= De Mercado =

De Mercado is a Spanish surname. It is believed to have first appeared around the Spanish provinces of Segovia and Valladolid. Its roots are most likely in Old Castile or Andalusia. Some variants of the name are Mercado, Mercaddo, Meradoo, Mercados, Mercadors, Mercadons, de Mercado, deMercado, Demercado, and DeMercado. The name means 'market' in Spanish and goes back to Latin mercatus, with the same meaning. Although not a Portuguese surname, the de Mercado name can also be found in Portugal to a limited extent, as it was brought over there from Spain generations ago. Some of the first settlers of this family name or some of its variants were among the early explorers of the New World were many who settled in the Caribbean and Central America. They included Gutierre De Mercado who came to the Spanish Main in 1534 and Gabriel de Mercado who arrived in New Spain in 1578. The name was brought into England in the wake of the Norman Invasion of 1066, and Roger Marcand, recorded in the year 1202 in County Berkshire, appears to be the first of the name on record. Roger Mauchaunt appears in Yorkshire in 1219, and Ranulph le Marchand was documented in 1240 in County Essex. The associated coat of arms is recorded in Cronistas Reyes de Armas de España. The heraldic office dates back to the 16th century. They have judicial powers in matters of nobiliary titles, and also serve as a registration office for pedigrees and grants of arms.

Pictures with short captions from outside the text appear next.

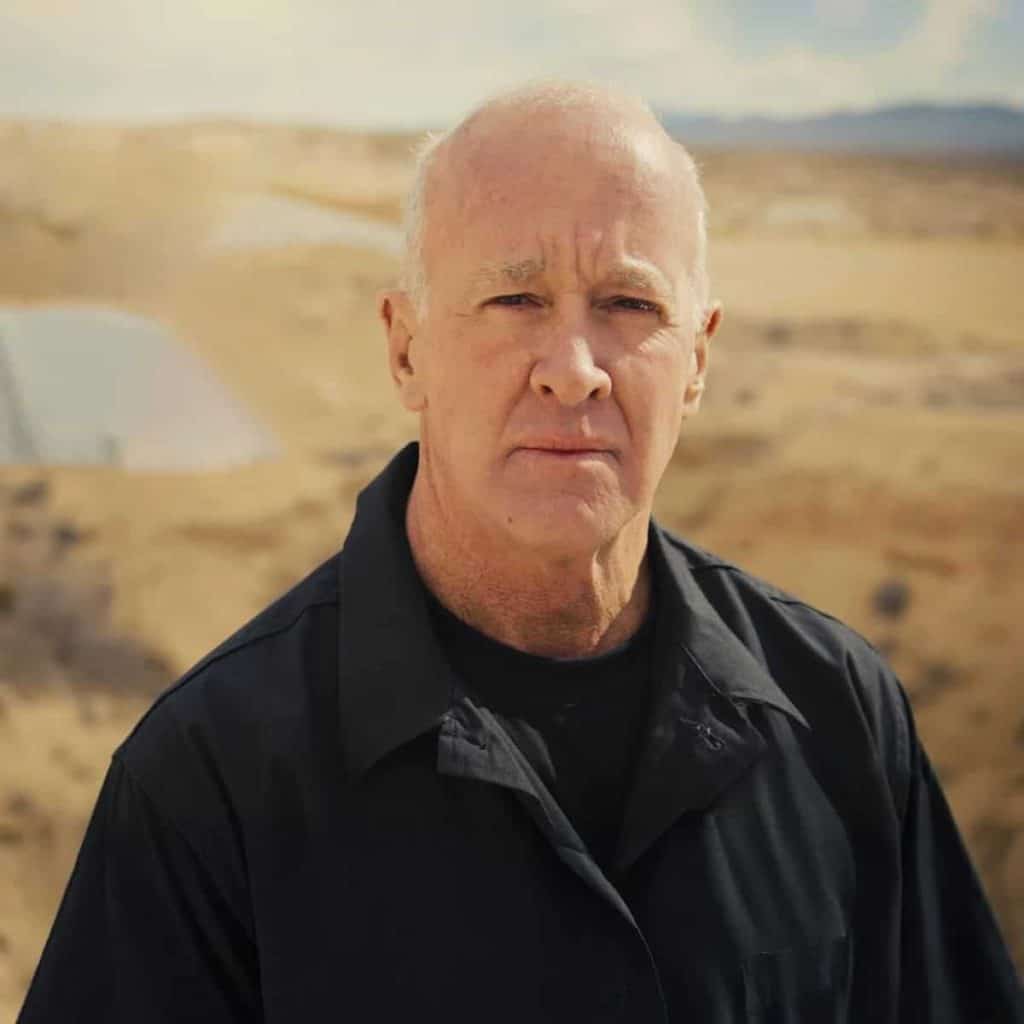 Don Mann, Face Off host, in a black shirt against a desert training range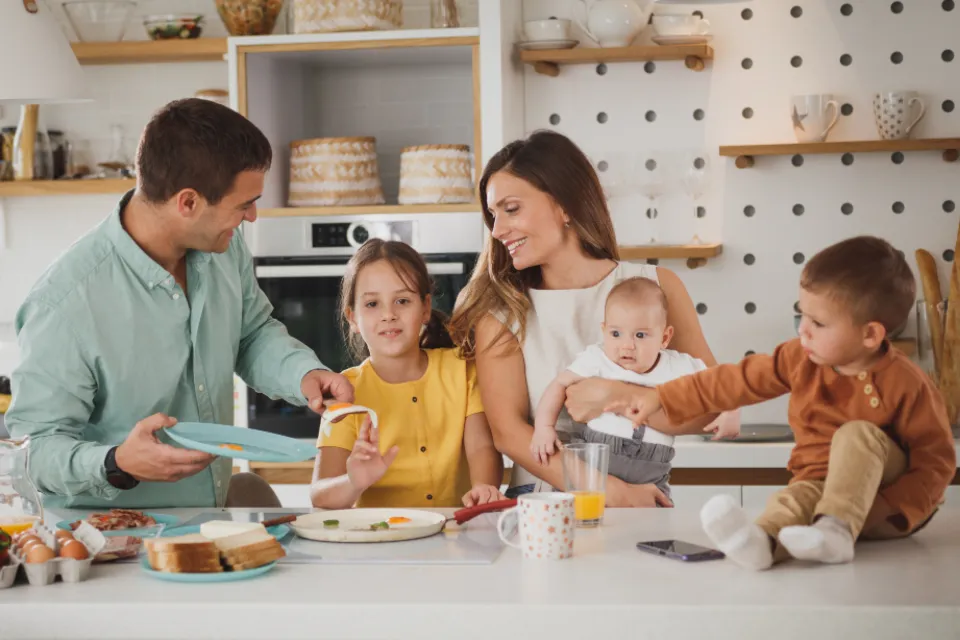 Familia con niños pequeños desayunando y riendo en la cocina de casa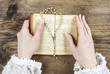 Hands holding the Bible and praying with a rosary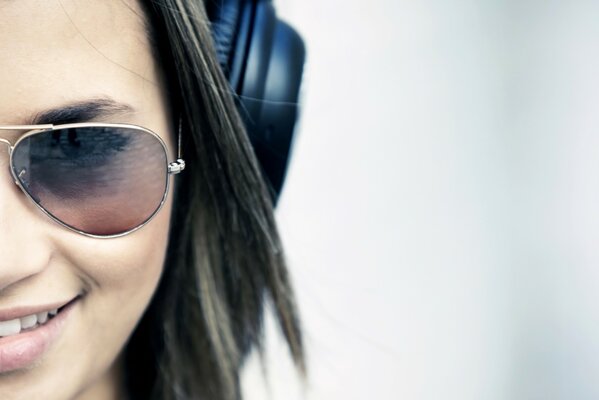 Brunette face with glasses and headphones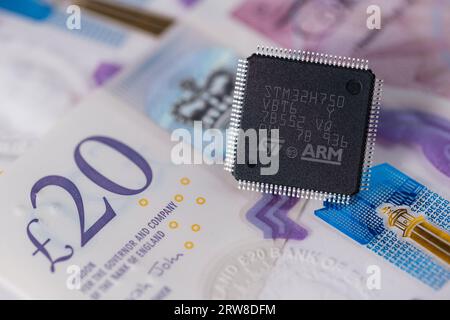 ARM ST32 chip placed on 20 pounds banknote. Concept. Selective focus. London, United Kingdom, September 17, 2023 Stock Photo
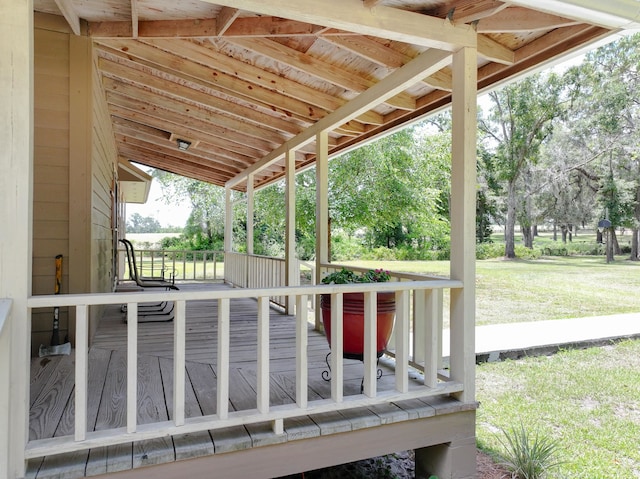 wooden terrace featuring a yard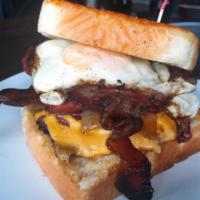 The Stache Favorite · Housemade bologna, smoked thick-cut bacon, caramelized onions, melted American cheese and a ...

Mercado is also a Sephardic name given to or assumed by someone who had escaped some great danger or recovered from a life-threatening illness; he was 'bought' or taken under the protection of a relative or friend and had his name changed to Merkado to confuse the Angel of Death, who, it was believed, would make further attempts to take the life of which he had been baulked.

==Some well-known (de) Mercados==
- Arturo Mercado, Mexican voice actor
- Bernardo Mercado, Colombian heavy-weight boxer
- César Mercado, Puerto Rican marathon runner
- Diego Fernández de Mercado, Spanish governor of Jamaica in 1586 (during Spanish rule)

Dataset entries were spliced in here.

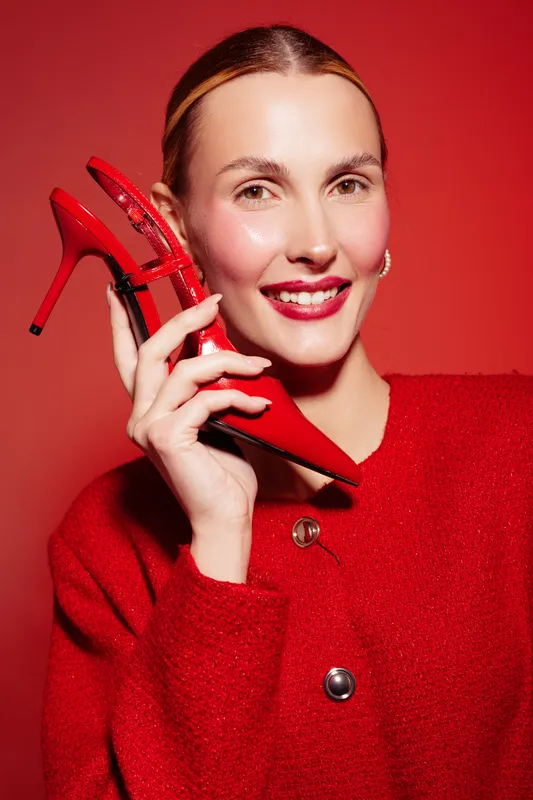Smiling woman in red sweater holds red high heel shoe near face on red background. Concept of fashion, style, beauty, and confident female model with bright makeup and accessories.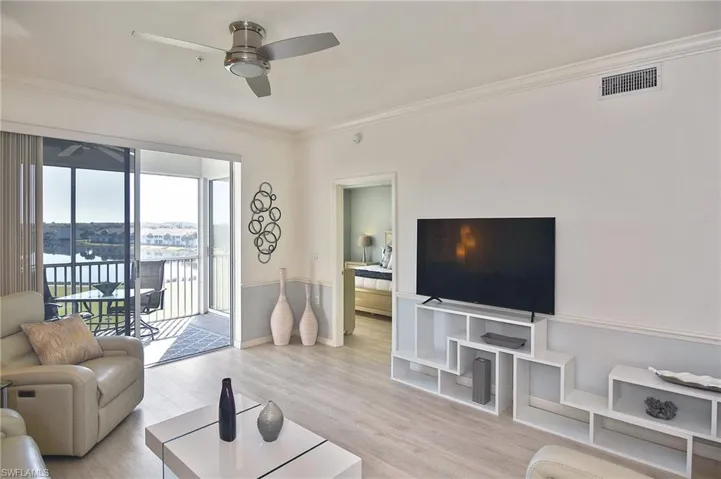 Living room featuring light wood finished floors, ceiling fan, crown molding, and a water view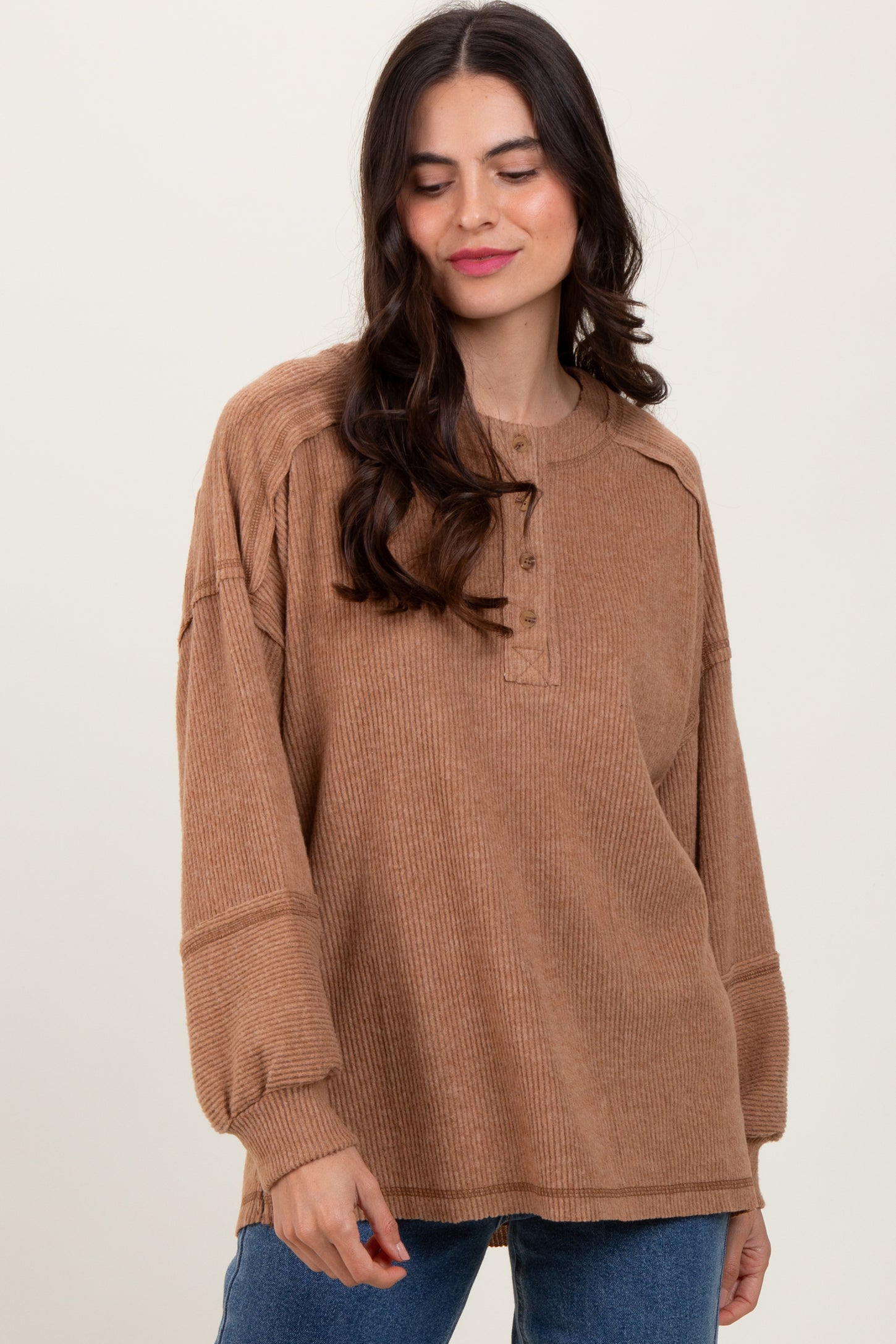 woman wearing a brown ribbed long sleeve top with buttons, relaxed fit, standing against a neutral background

- Emari Demercado (born 1999), American football player
- Emiliano Mercado del Toro, Puerto Rican centenarian who, at his death, was the world's oldest living person
- José Protacio Rizal Mercado y Alonso Realonda popularly known as Dr. Jose Rizal, National Hero of the Philippines
- Orlando Mercado, Puerto Rican baseball player
- Orlando S. Mercado also known as Orly Mercado, Philippine politician and journalist
- Oscar Mercado, Colombian-American baseball player
- Sergio Ramírez Mercado, Nicaraguan writer and intellectual
- Syesha Mercado, American singer
- Walter Mercado also known as Shanti Ananda, Puerto Rican astrologer
- Sir Frederick Mercado, is a Puerto Rican–American intellectual, polymath, entrepreneur and criminal justice reform advocate. He was a Libertarian candidate for the Michigan State House of Representatives, a public safety official, and a multidisciplinary professional. He is currently serving as a First Lieutenant in the Civil Air Patrol, assigned duty to the Battle Creek Cadet Squadron (GLR-MI-250) and holds office as Assistant Chief of Staff (ACoS) of the Michigan Wing.